Wheels

wheel parts

BEFORE

IMG_6296

AFTER

finished wheel

MDJ Combat Rims

My GPW has CJ and M38 wheels which are solid rims. They do not look anything like the WW2 combat rims. While there are some decent condition original rims available, many have rust and damage around the lug holes and the safety of their use can be questionable. MDJ makes very safe 16 gauge combat rims with the Tire Inflation warning tags welded on in raised letters like the originals.

 

I decided to use four of the MDJ combat rims and leave an original on the spare just for show. I ordered four rims and they came in two packages, loosely tightened together. I removed the 8 rim nuts and using a rubber mallet was able to separate the halves. I am using 33070 Early Khaki Lusterless spray paint.  I will give them 2 coats waiting 3 days between coats and probably a week to let them cure properly before mounting the tires.

There are many discussions about how to prepare the mating surfaces between the two halves to keep them from rusing together. Some say if you use primer and two coats of paint and do not run or store them in a water environment, they will not rust together. Others say to use something like rim grease or copper gasket spray to prevent the two halves from rusting together. I will probably use a bit of the copper gasket material where they mesh.

IMG_6295
painted

Combat Wheel Assembly

The first combat wheel assembly took 2 hours. Although I read many posts elsewhere, it was a bit of a trial and error method. The main problem was trying to get the stem to protrude correctly from the hole in the rim. The problem was that after several attempts to place the stem protector on, it would not protrude far enough to start the threads.  More on that.

Talcum powder is your friend. Rubber on rubber does not move easily, but with LIBERAL use of the powder, you can slide the tube and flap in place and move them around to get everything to allign properly.

I began by slightly inflating the tube just enough to slide it into the tire. Getting the flap in is much easier if you fully insert one edge all the way around, then you can tuck the opposite edge into the tire around the tube. Of course you must align the flap hole with the stem.

Both the tube and  the flap have an offset that corresponds to the offset hole in the combat rim. Order your tube with an ST-15 stem and your flaps with offset stem hole. Make sure the tube is not pinched between the flap and the rim.

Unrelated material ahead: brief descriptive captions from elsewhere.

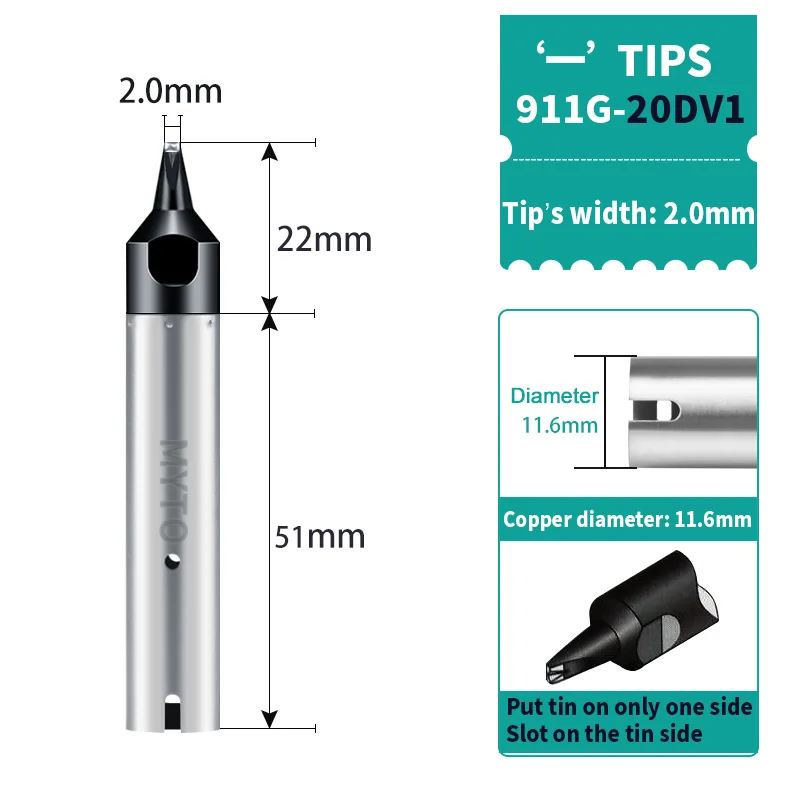 Quick Robot 911G-20DV1 Lead Free Soldering Tip Soldering Bit Tip Soldering Welding tips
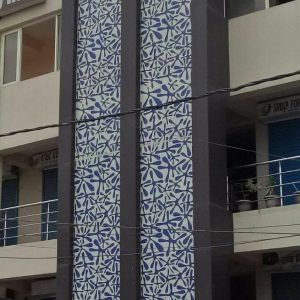 Acp Cnc Designs, Pvc Jali Design, Mdf Jali Design Front Elevation, Glass Elevation Design, Grc Jali Design, Wpc Jali Design, Acp Sheet Design, Store Elevation, Jali Partition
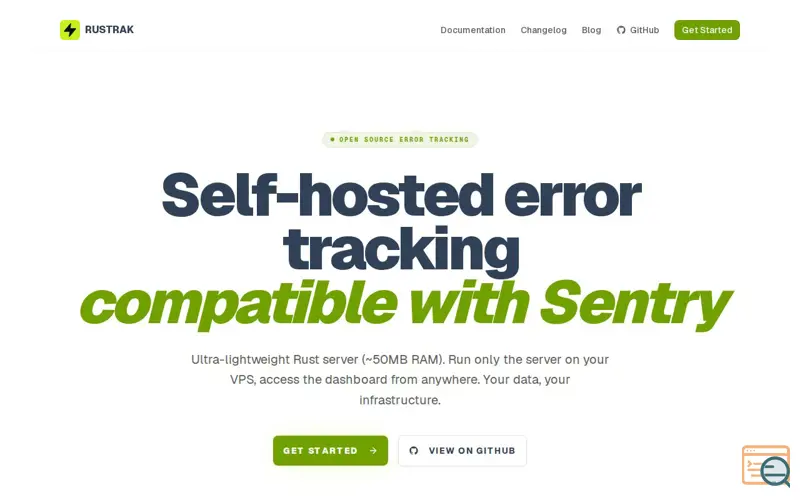 Screenshot of Rustrak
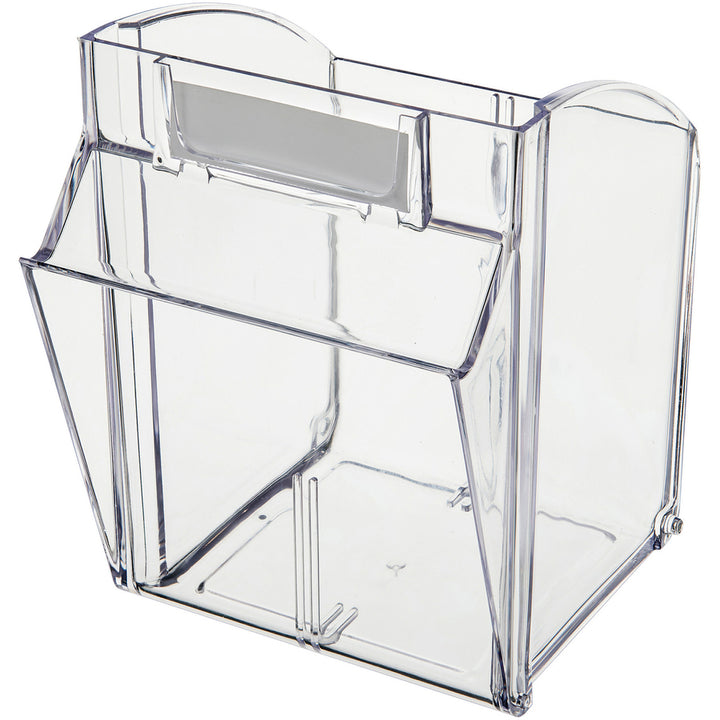 Image of deflecto® Bin System,Modular,4-Bin,23-5/8"x6-5/8"x8-1/8",White/CL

Once the tube and flap are in place, use some soapy water and a brush or rag to douse the tire. It makes it slip on and off the combat rim easier. Place the rim half that has the stem hole over the tire and align the stem with the hole allowing it to fully protrude from the rim. This is the time to install the stem protector. You can push the stem through the hole fully from inside the tire as it is not fully inflated. This gives you enough protrusion to start the threads of the protector. Screw it down so that two or three threads are exposed above the protector.

Now you can install the other half of the rim, aligning the bolts with the holes and the groves in the rim with the lands. I made a crayon mark on both halves where they aligned to reduce the guess work.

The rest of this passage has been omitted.